Les faits

Sciences. En Indre-et-Loire, un club d’escrime propose des ateliers pour panser les blessures des violences sexuelles.

De notre correspondant régional Xavier Renard à Tours (Indre-et-Loire), 06/01/2020 à 17:30

Une fois par mois, la salle d’armes de l’Amicale montoise d’escrime, près de Tours (Indre-et-Loire), réunit, depuis quatre ans, une dizaine de victimes de violences sexuelles pour une séance d’escrime thérapeutique. Des femmes pour l’essentiel, et parfois des enfants. Mis au point en 2012 par la gynécologue et endocrinologue Violaine Guérin, présidente de l’association Stop aux violences sexuelles, et la Fédération française d’escrime, le protocole dure un an, soit 10 séances de quatre heures.

Panser les blessures des victimes

L’enjeu n’est pas de proposer des cours de self-defense. Mais de panser les blessures des victimes à travers un programme qui vient compléter les psychothérapies plus classiques. Entourées par le maître d’armes, un médecin, des psychologues et des kiné-ostéopathes, les participantes apprennent, par le maniement du sabre, à « réassocier le corps et la tête, à se reconnecter à leurs émotions, à retrouver la confiance perdue », explique Bertrand Garreaud, le maître d’armes.

L’escrime présente l’avantage de mettre l’adversaire à bonne distance : « L’absence de prise et de contact direct, si ce n’est pas le biais du sabre, a son importance », poursuit-il. Masquées et protégées, les victimes découvrent qu’elles peuvent reculer pour mieux attaquer. Ce sport de l’instinct les oblige, en outre, à réagir rapidement, sans réfléchir. « C’est une bonne manière de faire décrocher le cerveau », souligne Nathalie Jan, médecin, également présidente de l’association Dire et guérir les violences sexuelles.

Plus de six cents personnes ont bénéficié de ce protocole

Depuis qu’elle s’est inscrite dans cette démarche en septembre 2019, Jeanne (1), 50 ans, qui a été abusée à l’âge de 14 ans par un oncle « toujours vivant », a réduit sa consommation de psychotropes. Cette ancienne infirmière, en arrêt maladie depuis plusieurs années, se tourne à nouveau vers l’avenir, espérant s’inscrire prochainement dans une formation à un métier manuel, « pour changer de vie en pensant un peu moins aux autres et un peu plus à (elle) ».

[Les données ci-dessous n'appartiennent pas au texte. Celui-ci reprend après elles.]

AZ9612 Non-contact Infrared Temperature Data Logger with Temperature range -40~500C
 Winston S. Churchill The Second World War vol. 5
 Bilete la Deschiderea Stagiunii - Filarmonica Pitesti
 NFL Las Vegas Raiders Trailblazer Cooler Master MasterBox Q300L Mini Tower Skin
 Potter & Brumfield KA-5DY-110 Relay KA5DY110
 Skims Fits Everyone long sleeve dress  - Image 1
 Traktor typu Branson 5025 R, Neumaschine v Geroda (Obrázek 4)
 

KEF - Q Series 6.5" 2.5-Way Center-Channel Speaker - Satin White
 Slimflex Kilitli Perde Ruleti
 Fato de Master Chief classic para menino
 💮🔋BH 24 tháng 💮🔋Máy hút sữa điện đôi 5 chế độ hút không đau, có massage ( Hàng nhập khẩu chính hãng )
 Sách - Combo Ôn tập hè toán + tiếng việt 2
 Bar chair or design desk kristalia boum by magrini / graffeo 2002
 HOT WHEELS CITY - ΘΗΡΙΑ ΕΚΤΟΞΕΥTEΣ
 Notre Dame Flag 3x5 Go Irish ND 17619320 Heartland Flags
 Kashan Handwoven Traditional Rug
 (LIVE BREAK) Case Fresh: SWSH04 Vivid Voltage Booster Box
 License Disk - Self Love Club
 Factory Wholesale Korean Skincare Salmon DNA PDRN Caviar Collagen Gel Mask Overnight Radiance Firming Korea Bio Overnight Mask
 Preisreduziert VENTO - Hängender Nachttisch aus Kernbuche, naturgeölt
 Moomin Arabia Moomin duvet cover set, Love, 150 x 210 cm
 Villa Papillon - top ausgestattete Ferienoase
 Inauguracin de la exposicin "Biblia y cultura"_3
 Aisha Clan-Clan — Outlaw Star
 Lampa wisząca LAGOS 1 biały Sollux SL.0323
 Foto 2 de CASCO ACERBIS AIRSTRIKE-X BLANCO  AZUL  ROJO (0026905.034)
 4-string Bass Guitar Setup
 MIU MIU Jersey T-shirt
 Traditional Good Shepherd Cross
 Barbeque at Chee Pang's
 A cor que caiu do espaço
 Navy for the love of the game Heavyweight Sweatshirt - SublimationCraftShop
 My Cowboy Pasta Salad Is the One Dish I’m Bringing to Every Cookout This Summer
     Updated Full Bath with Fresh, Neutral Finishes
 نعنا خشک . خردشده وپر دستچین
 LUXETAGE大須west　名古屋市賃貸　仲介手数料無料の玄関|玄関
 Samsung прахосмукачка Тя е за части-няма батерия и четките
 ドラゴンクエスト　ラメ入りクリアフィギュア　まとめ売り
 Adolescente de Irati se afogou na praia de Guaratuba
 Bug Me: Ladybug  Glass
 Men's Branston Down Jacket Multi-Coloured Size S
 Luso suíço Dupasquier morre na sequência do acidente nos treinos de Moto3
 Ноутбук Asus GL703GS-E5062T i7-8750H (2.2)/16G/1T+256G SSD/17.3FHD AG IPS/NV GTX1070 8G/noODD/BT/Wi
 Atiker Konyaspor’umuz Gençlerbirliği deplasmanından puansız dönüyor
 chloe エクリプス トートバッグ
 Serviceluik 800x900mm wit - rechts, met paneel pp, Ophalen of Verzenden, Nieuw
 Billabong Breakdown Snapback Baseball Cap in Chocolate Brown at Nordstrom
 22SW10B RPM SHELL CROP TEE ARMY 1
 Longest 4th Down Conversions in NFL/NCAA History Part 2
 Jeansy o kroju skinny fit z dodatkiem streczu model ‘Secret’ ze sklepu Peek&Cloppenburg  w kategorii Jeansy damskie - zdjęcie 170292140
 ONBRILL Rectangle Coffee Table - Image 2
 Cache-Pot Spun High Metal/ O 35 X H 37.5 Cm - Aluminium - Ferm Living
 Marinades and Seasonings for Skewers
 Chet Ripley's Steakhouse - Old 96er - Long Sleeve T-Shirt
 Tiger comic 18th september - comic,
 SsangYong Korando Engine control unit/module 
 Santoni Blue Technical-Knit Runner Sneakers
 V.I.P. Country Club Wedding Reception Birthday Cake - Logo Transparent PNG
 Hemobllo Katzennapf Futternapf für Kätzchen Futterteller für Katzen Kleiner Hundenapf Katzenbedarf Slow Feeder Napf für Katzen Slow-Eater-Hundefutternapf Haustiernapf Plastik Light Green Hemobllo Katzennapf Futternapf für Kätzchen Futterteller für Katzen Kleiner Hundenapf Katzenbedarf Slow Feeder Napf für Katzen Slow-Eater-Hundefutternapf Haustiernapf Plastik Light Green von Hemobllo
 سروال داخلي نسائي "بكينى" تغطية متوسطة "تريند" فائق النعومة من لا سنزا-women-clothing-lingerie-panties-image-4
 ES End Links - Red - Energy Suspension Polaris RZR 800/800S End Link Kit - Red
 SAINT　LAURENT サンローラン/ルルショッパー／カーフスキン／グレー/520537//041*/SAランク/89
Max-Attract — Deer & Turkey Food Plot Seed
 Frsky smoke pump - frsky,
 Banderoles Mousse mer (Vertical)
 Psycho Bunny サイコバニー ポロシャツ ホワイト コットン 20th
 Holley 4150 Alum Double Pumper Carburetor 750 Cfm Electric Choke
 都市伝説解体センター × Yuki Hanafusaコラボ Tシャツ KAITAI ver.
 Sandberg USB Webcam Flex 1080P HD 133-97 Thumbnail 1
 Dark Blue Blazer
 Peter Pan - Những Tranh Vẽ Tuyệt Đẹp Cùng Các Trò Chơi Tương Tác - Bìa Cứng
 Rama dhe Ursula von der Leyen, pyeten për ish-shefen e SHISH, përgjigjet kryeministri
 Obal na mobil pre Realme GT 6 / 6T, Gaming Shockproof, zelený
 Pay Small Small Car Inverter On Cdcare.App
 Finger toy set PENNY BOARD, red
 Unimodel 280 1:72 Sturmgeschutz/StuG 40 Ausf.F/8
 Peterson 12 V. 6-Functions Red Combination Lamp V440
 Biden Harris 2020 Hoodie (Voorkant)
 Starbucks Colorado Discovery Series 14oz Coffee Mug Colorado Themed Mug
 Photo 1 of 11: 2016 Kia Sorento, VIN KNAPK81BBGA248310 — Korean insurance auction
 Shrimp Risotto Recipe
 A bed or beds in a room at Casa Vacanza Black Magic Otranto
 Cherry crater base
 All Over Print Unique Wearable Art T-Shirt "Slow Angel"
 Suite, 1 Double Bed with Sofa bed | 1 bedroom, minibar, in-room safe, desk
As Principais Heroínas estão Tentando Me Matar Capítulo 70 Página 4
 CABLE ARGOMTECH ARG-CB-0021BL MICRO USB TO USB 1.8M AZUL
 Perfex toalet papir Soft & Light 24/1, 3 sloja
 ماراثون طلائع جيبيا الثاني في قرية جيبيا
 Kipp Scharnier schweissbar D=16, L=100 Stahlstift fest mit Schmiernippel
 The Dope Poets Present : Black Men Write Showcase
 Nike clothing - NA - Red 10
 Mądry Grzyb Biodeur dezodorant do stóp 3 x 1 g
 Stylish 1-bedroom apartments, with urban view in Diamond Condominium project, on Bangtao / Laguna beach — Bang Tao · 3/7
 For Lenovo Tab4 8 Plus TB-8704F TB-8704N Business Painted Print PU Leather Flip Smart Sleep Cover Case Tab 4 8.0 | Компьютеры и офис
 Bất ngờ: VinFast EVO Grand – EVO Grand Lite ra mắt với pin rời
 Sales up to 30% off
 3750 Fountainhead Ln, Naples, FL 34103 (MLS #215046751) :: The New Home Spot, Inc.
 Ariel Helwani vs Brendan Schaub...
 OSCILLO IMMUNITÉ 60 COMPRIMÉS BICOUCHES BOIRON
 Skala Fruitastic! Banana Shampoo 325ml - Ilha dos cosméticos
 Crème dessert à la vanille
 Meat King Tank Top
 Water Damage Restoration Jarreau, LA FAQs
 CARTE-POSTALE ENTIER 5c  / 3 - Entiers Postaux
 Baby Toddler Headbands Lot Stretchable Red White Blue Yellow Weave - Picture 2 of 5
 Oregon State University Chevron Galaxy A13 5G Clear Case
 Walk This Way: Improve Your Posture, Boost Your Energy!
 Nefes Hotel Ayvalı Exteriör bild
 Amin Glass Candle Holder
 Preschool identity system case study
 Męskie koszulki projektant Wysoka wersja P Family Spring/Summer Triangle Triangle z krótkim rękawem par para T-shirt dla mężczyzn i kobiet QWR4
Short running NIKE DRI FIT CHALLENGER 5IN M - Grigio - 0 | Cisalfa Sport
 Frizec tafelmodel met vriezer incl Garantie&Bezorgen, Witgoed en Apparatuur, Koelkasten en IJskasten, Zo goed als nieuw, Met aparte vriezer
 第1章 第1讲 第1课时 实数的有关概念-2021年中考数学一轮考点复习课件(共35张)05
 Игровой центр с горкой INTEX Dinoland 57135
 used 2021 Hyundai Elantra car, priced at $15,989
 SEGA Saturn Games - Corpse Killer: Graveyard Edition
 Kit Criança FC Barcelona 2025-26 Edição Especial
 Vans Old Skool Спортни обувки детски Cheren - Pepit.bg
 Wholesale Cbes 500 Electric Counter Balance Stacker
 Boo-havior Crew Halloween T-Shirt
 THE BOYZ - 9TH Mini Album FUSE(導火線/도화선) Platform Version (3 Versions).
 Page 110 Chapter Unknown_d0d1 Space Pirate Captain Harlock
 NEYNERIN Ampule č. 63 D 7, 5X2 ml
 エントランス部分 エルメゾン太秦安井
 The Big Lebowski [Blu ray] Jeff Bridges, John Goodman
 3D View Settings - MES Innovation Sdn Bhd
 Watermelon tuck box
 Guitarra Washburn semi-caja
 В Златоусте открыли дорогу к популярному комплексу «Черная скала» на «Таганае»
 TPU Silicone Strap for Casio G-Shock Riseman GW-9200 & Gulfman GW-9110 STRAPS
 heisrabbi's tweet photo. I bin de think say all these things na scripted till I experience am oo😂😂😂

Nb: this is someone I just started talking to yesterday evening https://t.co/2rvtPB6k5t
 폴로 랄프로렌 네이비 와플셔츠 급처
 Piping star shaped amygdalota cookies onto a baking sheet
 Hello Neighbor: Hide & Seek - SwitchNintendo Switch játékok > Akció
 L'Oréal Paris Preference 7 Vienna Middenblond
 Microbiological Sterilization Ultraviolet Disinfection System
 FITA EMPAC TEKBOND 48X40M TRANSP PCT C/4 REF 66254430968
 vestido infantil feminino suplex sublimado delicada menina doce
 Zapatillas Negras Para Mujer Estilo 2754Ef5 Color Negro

En plus de Monts, ces ateliers sont proposés à Paris, Bordeaux, ou Marseille. Plus de six cents personnes ont bénéficié de ce protocole. Une bande dessinée de Quentin Zuttion met en lumière les bénéfices de cette pratique à travers un récit de fiction (Touchées, Payot Graphic, 2019).

(1) Son prénom a été modifié à sa demande.